NVIDIA / cutlass

CUDA Templates for Linear Algebra Subroutines
Other
5.7k stars 978 forks source link

[QST]41_fused_multi_head_attention on sm89 #1597

Open Sunny-bot1 opened 5 months ago

Sunny-bot1 commented 5 months ago

What is your question? when I use sm89

int run_attention(Options& options) {
  using Attention = AttentionKernel<
    cutlass::half_t,      // scalar_t
    cutlass::arch::Sm89,  // ArchTag
    true,                 // Memory is aligned
    kQueriesPerBlock,
    kKeysPerBlock,
    kMaxK,
    false,                // Supports dropout
    false                 // Supports bias
  >;

I get compile error

Building CUDA object examples/41_fused_multi_head_attention/CMakeFiles/41_fused_multi_head_attention_fixed_seqlen.dir/fused_multihead_attention_fixed_seqlen.cu.o
/cutlass/examples/41_fused_multi_head_attention/kernel_forward.h(409): error: incomplete type is not allowed
          kIsAligned ? DefaultConfig::kAlignmentA : GemmType::kMinimumAlignment;
                       ^
          detected during:
            instantiation of class "AttentionKernel<scalar_t_, ArchTag, isAligned_, kQueriesPerBlock_, kKeysPerBlock_, kMaxK_, kSupportsDropout_, kSupportsBias_, ToBatchHookType_>::MM0 [with scalar_t_=cutlass::half_t, ArchTag=cutlass::arch::Sm89, isAligned_=true, kQueriesPerBlock_=32, kKeysPerBlock_=128, kMaxK_=128, kSupportsDropout_=false, kSupportsBias_=false, ToBatchHookType_=DefaultToBatchHook]" at line 418
            instantiation of class "AttentionKernel<scalar_t_, ArchTag, isAligned_, kQueriesPerBlock_, kKeysPerBlock_, kMaxK_, kSupportsDropout_, kSupportsBias_, ToBatchHookType_>::MM0 [with scalar_t_=cutlass::half_t, ArchTag=cutlass::arch::Sm89, isAligned_=true, kQueriesPerBlock_=32, kKeysPerBlock_=128, kMaxK_=128, kSupportsDropout_=false, kSupportsBias_=false, ToBatchHookType_=DefaultToBatchHook]" at line 1161
            instantiation of class "AttentionKernel<scalar_t_, ArchTag, isAligned_, kQueriesPerBlock_, kKeysPerBlock_, kMaxK_, kSupportsDropout_, kSupportsBias_, ToBatchHookType_> [with scalar_t_=cutlass::half_t, ArchTag=cutlass::arch::Sm89, isAligned_=true, kQueriesPerBlock_=32, kKeysPerBlock_=128, kMaxK_=128, kSupportsDropout_=false, kSupportsBias_=false, ToBatchHookType_=DefaultToBatchHook]" at line 329 of /home/sunxin20/cutlass/examples/41_fused_multi_head_attention/fused_multihead_attention_fixed_seqlen.cu
            instantiation of class "TestbedAttention<Attention> [with Attention=AttentionKernel<cutlass::half_t, cutlass::arch::Sm89, true, 32, 128, 128, false, false, DefaultToBatchHook>]" at line 1032 of /home/sunxin20/cutlass/examples/41_fused_multi_head_attention/fused_multihead_attention_fixed_seqlen.cu
            instantiation of "int run_attention<kQueriesPerBlock,kKeysPerBlock,kMaxK>(Options &) [with kQueriesPerBlock=32, kKeysPerBlock=128, kMaxK=128]" at line 1110 of /home/sunxin20/cutlass/examples/41_fused_multi_head_attention/fused_multihead_attention_fixed_seqlen.cu
thakkarV commented 5 months ago

just change your CUTLASS_NVCC_ARCHS=89, do not edit this file yourself. There is no partial template specialization for SM89 arch tag.

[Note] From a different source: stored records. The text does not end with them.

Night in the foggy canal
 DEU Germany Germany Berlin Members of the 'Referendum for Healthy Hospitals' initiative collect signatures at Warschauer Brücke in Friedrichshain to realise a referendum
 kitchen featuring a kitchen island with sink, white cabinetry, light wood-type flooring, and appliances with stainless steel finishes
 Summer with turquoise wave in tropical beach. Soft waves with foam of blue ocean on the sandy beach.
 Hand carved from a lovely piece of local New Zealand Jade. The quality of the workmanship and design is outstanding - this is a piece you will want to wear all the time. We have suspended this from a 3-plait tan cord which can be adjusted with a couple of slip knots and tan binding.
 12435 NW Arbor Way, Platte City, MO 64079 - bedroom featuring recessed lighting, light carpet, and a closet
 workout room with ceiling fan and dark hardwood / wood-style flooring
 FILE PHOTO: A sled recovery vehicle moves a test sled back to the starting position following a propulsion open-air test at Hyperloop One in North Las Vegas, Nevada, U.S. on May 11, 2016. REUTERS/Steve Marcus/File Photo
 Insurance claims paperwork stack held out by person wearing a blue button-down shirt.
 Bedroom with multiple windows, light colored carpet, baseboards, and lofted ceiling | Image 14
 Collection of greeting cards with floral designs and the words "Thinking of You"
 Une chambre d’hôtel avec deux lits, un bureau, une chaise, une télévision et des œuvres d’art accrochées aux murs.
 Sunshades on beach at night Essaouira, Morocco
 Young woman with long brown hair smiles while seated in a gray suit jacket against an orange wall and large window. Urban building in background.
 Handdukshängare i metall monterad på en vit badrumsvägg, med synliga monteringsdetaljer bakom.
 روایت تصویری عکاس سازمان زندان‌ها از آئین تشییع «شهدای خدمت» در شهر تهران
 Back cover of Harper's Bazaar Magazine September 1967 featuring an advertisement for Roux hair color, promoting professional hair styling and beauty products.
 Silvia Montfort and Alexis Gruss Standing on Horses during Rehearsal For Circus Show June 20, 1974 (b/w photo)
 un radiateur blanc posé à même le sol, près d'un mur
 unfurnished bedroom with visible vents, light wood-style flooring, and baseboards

Sunny-bot1 commented 5 months ago

just change your CUTLASS_NVCC_ARCHS=89, do not edit this file yourself. There is no partial template specialization for SM89 arch tag.

I see. Thank you! If I want support the fp8 input type, what should I pay attention to?

github-actions[bot] commented 3 months ago

This issue has been labeled inactive-30d due to no recent activity in the past 30 days. Please close this issue if no further response or action is needed. Otherwise, please respond with a comment indicating any updates or changes to the original issue and/or confirm this issue still needs to be addressed. This issue will be labeled inactive-90d if there is no activity in the next 60 days.

github-actions[bot] commented 1 week ago

This issue has been labeled inactive-90d due to no recent activity in the past 90 days. Please close this issue if no further response or action is needed. Otherwise, please respond with a comment indicating any updates or changes to the original issue and/or confirm this issue still needs to be addressed.